*EXTRACTED INFORMATION:*
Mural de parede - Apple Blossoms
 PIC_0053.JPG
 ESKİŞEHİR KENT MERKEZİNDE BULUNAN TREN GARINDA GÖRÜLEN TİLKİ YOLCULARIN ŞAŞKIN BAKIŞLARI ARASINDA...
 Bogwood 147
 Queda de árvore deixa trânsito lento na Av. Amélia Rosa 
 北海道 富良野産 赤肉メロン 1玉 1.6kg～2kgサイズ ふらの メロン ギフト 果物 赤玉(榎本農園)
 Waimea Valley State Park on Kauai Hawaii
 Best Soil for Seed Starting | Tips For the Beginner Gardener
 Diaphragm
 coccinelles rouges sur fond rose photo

*YOUR GOAL:*
The records need to be copied exactly, with no line left out.

*ANSWER TO THIS EXERCISE:*
Mural de parede - Apple Blossoms
 PIC_0053.JPG
 ESKİŞEHİR KENT MERKEZİNDE BULUNAN TREN GARINDA GÖRÜLEN TİLKİ YOLCULARIN ŞAŞKIN BAKIŞLARI ARASINDA...
 Bogwood 147
 Queda de árvore deixa trânsito lento na Av. Amélia Rosa 
 北海道 富良野産 赤肉メロン 1玉 1.6kg～2kgサイズ ふらの メロン ギフト 果物 赤玉(榎本農園)
 Waimea Valley State Park on Kauai Hawaii
 Best Soil for Seed Starting | Tips For the Beginner Gardener
 Diaphragm
 coccinelles rouges sur fond rose photo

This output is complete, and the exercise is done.